Long term monitoring and research in permanent plots


Silviculture based on natural dynamics has been developing for many years and involves several steps. Natural disturbance regimes must be studied even though the starting point for such research in the European Alps is not virgin forest or even old-growth forest, but rather forest stands more or less modified by man.
Foresters and ecologists are becoming progressively aware of the importance of past history on the structure and function of present communities and ecosystems. Very little is known about natural dynamics and disturbance history of forest stands in the European Alps because of insufficient research, and due to the fact that in cultivated forests, felling is the main disturbance. Even in most forests that are not currently managed, past anthropogenic disturbance suppresses or has been confused with natural disturbance. The intensive and diversified exploitation of forests, including logging and grazing, that occurred in the past complicates the study of natural forest dynamics.

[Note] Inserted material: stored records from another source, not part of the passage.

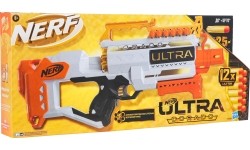 Wyrzutnia NERF Ultra Dorado z strzałkami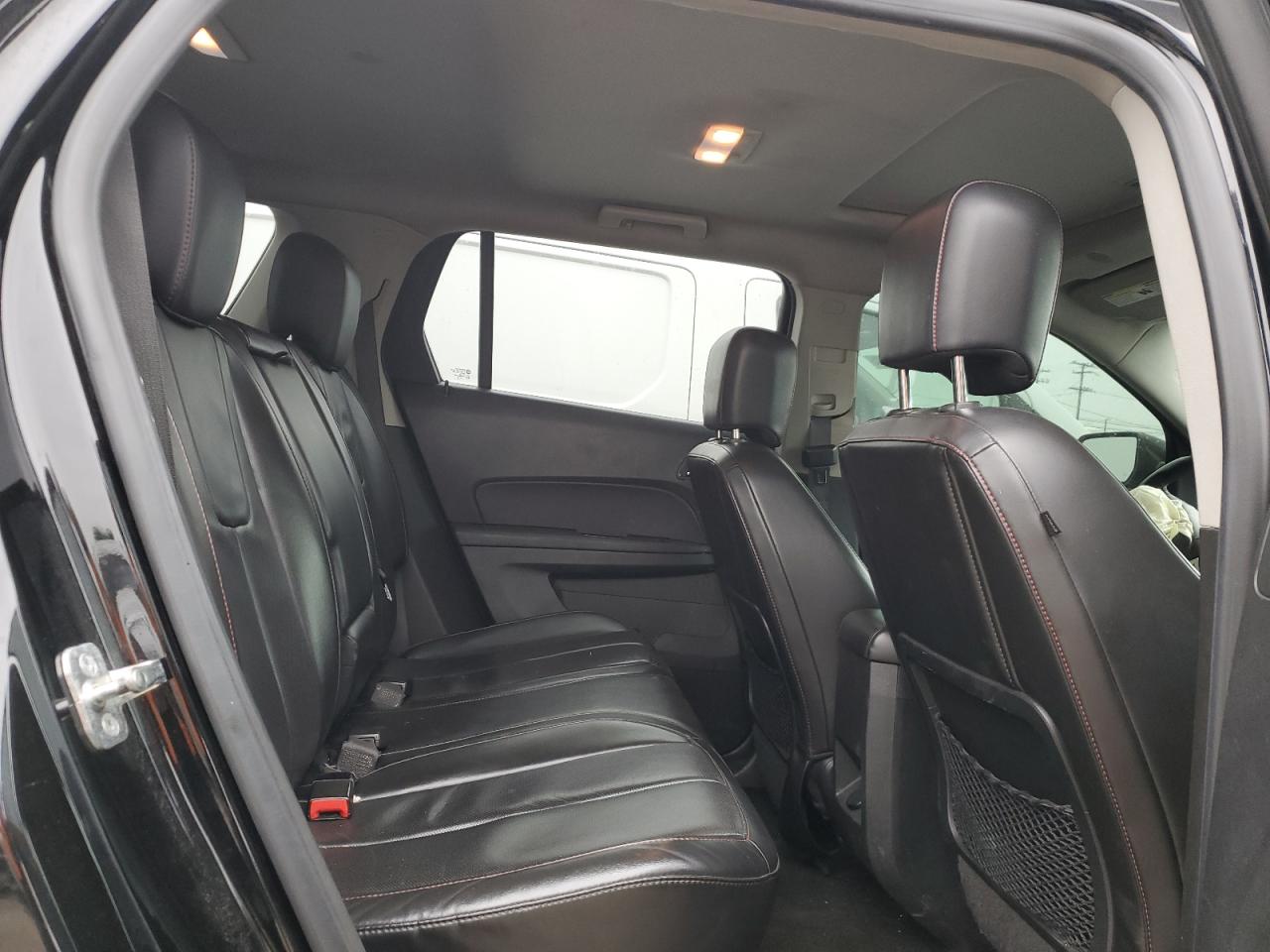 2GKALSEK2F6383820 2015 GMC Terrain Slt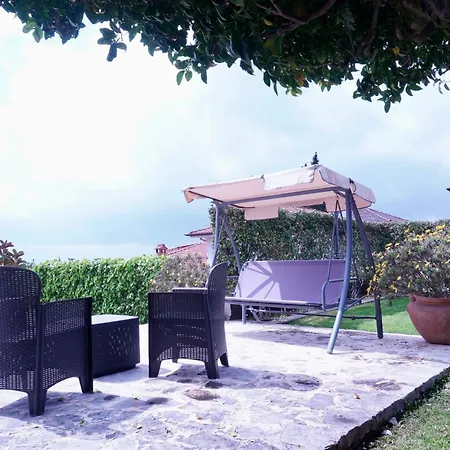 Villa La Fiaba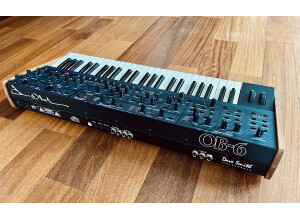 Dave Smith Instruments OB-6 (16146)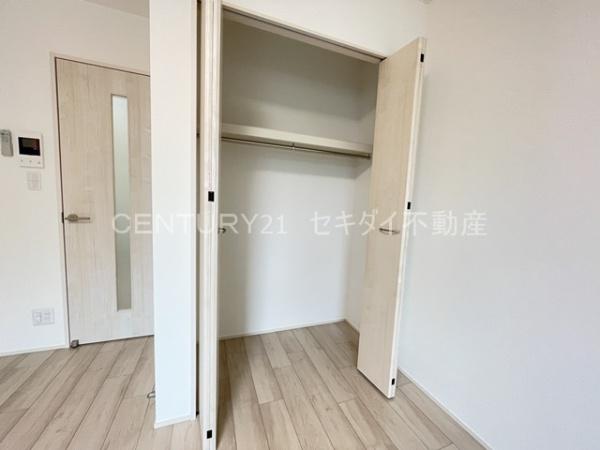 フジパレス加美駅南2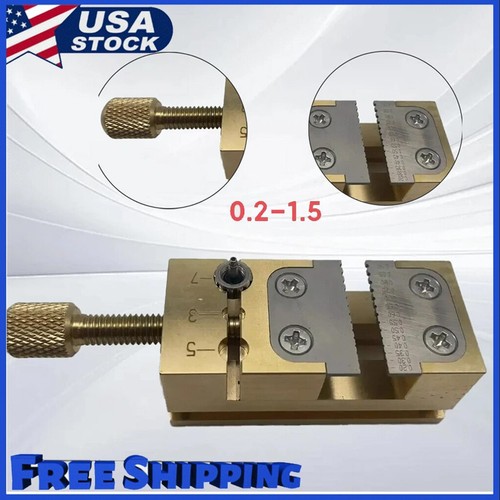 Watch repair tool holder - watch,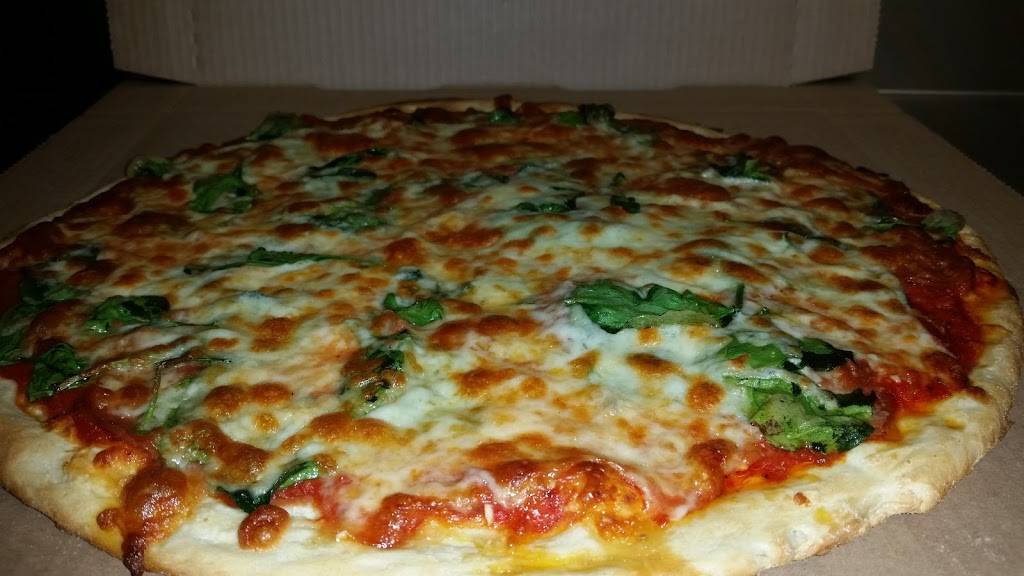 Samgelo’s Pizza | restaurant | 650 Mandalay Ave, Clearwater Beach, FL 33767, USA | 7274472020 OR +1 727-447-2020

In order to study forest ecology and dynamics some permanent plots have been established in the Italian Alps since the spring of 1993.
The first research step in the plots was to describe the structures (e.g. vertical and horizontal patterns, age structure, spatial patterns) and to study their history using both dendroecological methods (e.g. abrupt growth releases) and written evidence from management plans and other historical records.
Information about the disturbance history of a stand is crucial in studies of forest succession and the origin of structural patterns. Variations in tree-ring width can be used to reconstruct the occurrence of past forest disturbance and to speculate on the origin of the forest stand. In the forests of the European Alps, however, tree rings alone do not supply sufficient information, because most disturbances are of anthropogenic origin. It is therefore necessary to integrate tree-ring analysis with the documented history of the stand.
At the moment we have (Dep. Agroselviter, Univ. of Turin) a network of 14 permanent plots along the Italian Alps; the total surface monitored is more than 9 ha and we have collected more than 4.000 cores.